**ABOUT THIS EXERCISE**
Reprint the entries without altering anything.

***

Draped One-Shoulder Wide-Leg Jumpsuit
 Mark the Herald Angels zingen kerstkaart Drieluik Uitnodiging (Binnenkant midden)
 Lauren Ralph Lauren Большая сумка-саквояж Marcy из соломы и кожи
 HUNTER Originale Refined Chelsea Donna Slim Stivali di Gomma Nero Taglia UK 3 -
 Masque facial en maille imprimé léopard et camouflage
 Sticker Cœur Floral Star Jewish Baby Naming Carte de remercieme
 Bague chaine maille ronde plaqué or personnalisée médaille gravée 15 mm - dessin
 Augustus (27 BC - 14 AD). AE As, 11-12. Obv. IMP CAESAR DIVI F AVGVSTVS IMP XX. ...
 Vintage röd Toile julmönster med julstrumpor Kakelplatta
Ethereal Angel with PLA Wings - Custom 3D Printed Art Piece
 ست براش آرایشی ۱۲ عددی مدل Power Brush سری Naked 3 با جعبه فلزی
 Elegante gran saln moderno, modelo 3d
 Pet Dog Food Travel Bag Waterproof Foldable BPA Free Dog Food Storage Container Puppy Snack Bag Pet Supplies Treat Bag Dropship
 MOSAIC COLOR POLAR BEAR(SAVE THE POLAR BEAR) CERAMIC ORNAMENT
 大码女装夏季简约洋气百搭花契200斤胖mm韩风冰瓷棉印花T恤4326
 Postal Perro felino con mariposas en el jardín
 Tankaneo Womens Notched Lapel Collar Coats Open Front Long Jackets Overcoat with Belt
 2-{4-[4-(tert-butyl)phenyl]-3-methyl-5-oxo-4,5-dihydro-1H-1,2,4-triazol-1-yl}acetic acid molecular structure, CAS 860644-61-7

***

**PROBLEM SOLUTION**
Draped One-Shoulder Wide-Leg Jumpsuit
 Mark the Herald Angels zingen kerstkaart Drieluik Uitnodiging (Binnenkant midden)
 Lauren Ralph Lauren Большая сумка-саквояж Marcy из соломы и кожи
 HUNTER Originale Refined Chelsea Donna Slim Stivali di Gomma Nero Taglia UK 3 -
 Masque facial en maille imprimé léopard et camouflage
 Sticker Cœur Floral Star Jewish Baby Naming Carte de remercieme
 Bague chaine maille ronde plaqué or personnalisée médaille gravée 15 mm - dessin
 Augustus (27 BC - 14 AD). AE As, 11-12. Obv. IMP CAESAR DIVI F AVGVSTVS IMP XX. ...
 Vintage röd Toile julmönster med julstrumpor Kakelplatta
Ethereal Angel with PLA Wings - Custom 3D Printed Art Piece
 ست براش آرایشی ۱۲ عددی مدل Power Brush سری Naked 3 با جعبه فلزی
 Elegante gran saln moderno, modelo 3d
 Pet Dog Food Travel Bag Waterproof Foldable BPA Free Dog Food Storage Container Puppy Snack Bag Pet Supplies Treat Bag Dropship
 MOSAIC COLOR POLAR BEAR(SAVE THE POLAR BEAR) CERAMIC ORNAMENT
 大码女装夏季简约洋气百搭花契200斤胖mm韩风冰瓷棉印花T恤4326
 Postal Perro felino con mariposas en el jardín
 Tankaneo Womens Notched Lapel Collar Coats Open Front Long Jackets Overcoat with Belt
 2-{4-[4-(tert-butyl)phenyl]-3-methyl-5-oxo-4,5-dihydro-1H-1,2,4-triazol-1-yl}acetic acid molecular structure, CAS 860644-61-7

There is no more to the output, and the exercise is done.